ACTIVITY
Your reply is to be the lines below, exactly as written, with images omitted.

SUPPLIED MATERIAL
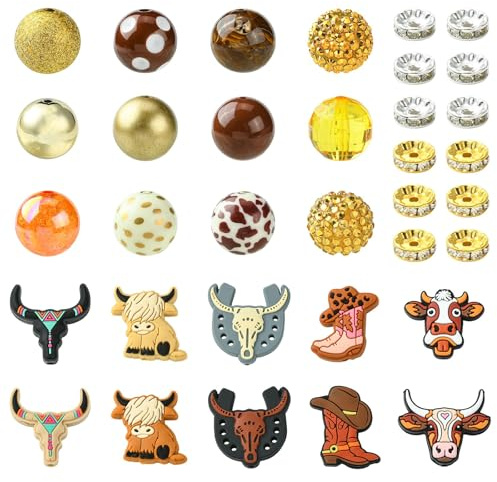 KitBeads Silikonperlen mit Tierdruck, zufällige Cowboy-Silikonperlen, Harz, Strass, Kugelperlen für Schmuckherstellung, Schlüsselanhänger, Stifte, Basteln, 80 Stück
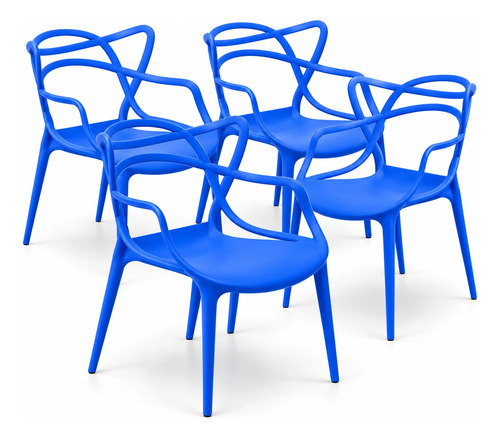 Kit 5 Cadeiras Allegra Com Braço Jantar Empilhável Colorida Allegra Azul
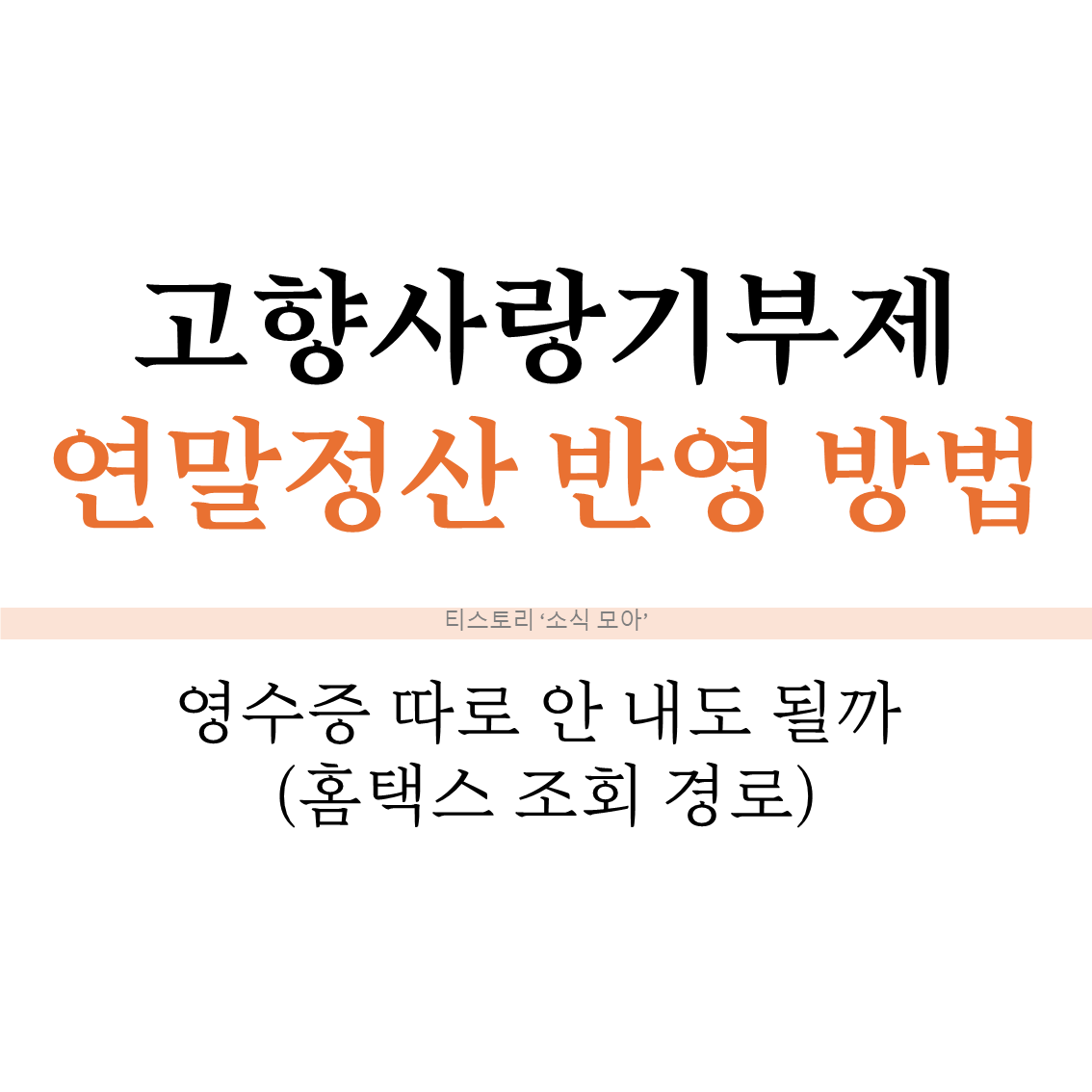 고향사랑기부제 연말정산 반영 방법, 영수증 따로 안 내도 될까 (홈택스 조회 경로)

SOLUTION
 KitBeads Silikonperlen mit Tierdruck, zufällige Cowboy-Silikonperlen, Harz, Strass, Kugelperlen für Schmuckherstellung, Schlüsselanhänger, Stifte, Basteln, 80 Stück
 Kit 5 Cadeiras Allegra Com Braço Jantar Empilhável Colorida Allegra Azul
 고향사랑기부제 연말정산 반영 방법, 영수증 따로 안 내도 될까 (홈택스 조회 경로)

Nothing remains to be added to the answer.